Similarly, a debate arose amongst the champions of respective communities when Raja Shiva Prasad wrote a book on Indian history in three volumes titled Itihas Timir Nashak, translated in Urdu as Aina-e-tarikh numa and in English as History of Hindustan. Perhaps, the sharpest articulation of clearly defined, exclusive religious identities within the 19th century discourse on education was evident in his statement that ‘Muslims are as different from Hindus as earth from heaven.’37 Whilst earlier indigenous arrangements of education instilled the sense of belonging to a particular community through explicit exaltation of one, or by maintaining silence about the existence of ‘others’ within a non-unitarian system, the discourse of modern/western/colonial education is marked by overt and covert juxtapositions of identities within a homogenized structure of curricular knowledge.

 

The examiners at the Urdu History Subcommittee of North-Western Provinces were three Muslims, who pointed out that the book was calculated to inflame the animosity of the Hindus against the Mohammedans by needlessly dilating on the wrongs inflicted upon them by the latter.
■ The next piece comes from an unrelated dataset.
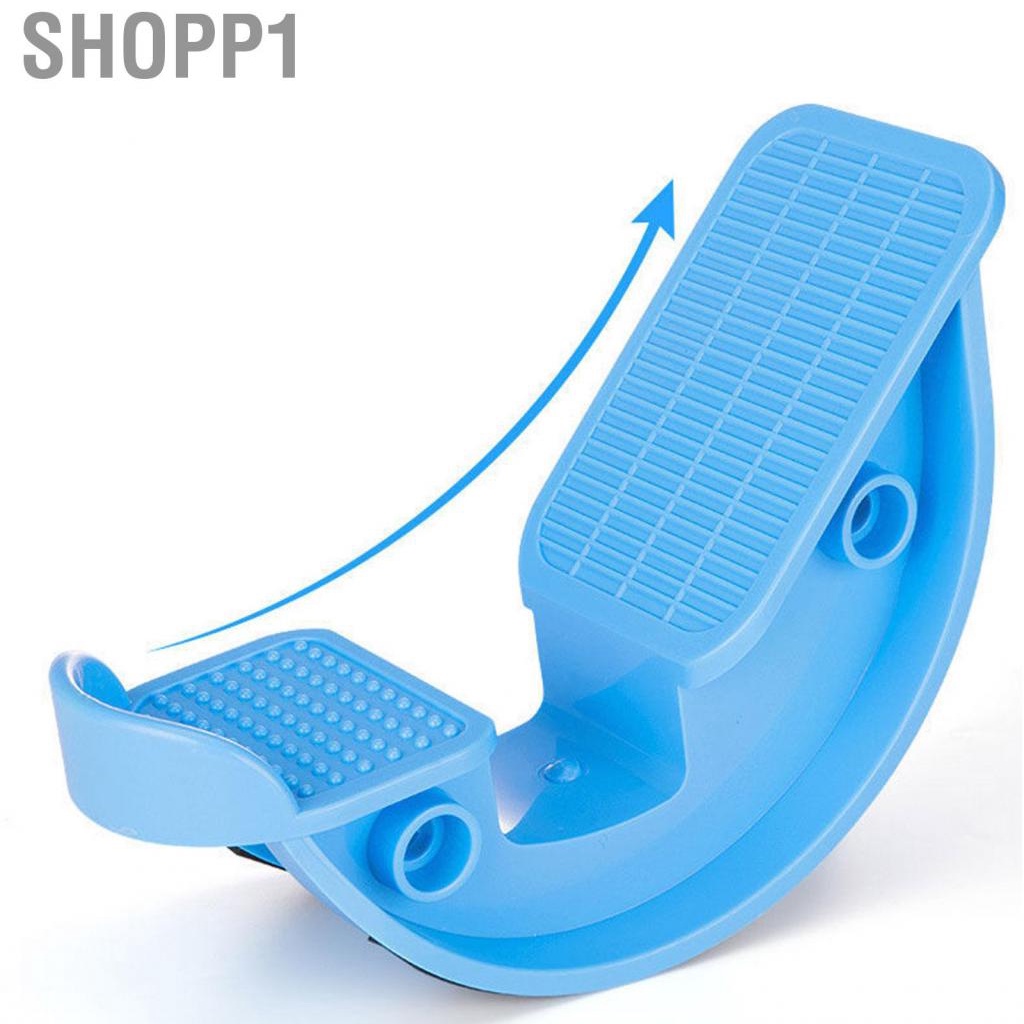 Shopp1 Calf  Foot Rocker Ankle Stretch Balance Training Home Fitness for Achilles Tendinitis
They argued that the faults of Muslim rulers were all exhibited, but their good qualities were passed over in silence.38 Sayyad Ahmad Khan also raised objections about this text, particularly to the representation of ‘Mohammedan period’, the description of the Mughal-Sikh relationship, and to the portrayal of Muslim participation in the revolt of 1857.39 In the same book, Shiva Prasad had made some statements about the decline of Hinduism in the contemporary period to which the Pundits of Benaras also objected, considering them offensive.40 

However, in the name of historical impartiality and by referring to colonial scholarship, Kempson (known for his less than cordial relations with Muslims) favoured Shiva Prasad’s work and defended it from both the maulvis and the pundits. Kempson stated, ‘The author, as a Hindu gentleman of observation and experience, may be allowed to express his opinion without being accused of fomenting discord.’41 The Lieutenant Governor, William Muir, and the central government subsequently approved this position of Kempson in favour of Shiva Prasad.42 

 

Though in the case of Shiva Prasad’s book, the objections of the pundits of Benaras were overruled by the colonial state, generally it compromised with the orthodoxy, which is evident, for example, in the fight for the removal of a poetry reader in Telugu for the third class in the Madras Presidency, which was originally adopted on the recommendations of Christian missionaries. It was a selection comprising of some of Vemana’s bitterest attacks on Hinduism, particularly on the Brahmanical scriptures and beliefs.43 In the Madras Presidency, at least four-fifth of the teachers were Brahmins.44 Their objections got official support and the government finally disapproved Selections from Vemana. The perspective or the argument of the government was that the Hindu orthodoxy should not be compelled to teach something which they consider heretical.45 

 

In post-independence India, a similar contest of identities in education may be seen in the debates on the issues of secular versus communal design of textbooks; exclusionary curriculum, pedagogic practices and infrastructure; particular socio-cultural orientation of education; or the dominance of the political framework of nationalism without leaving adequate space for the child or the social. As we have argued above, one fundamental cause of these contests may be seen in the modernist transformation which has standardized and bureaucratized the procedure and mechanism for the selection of curricular knowledge.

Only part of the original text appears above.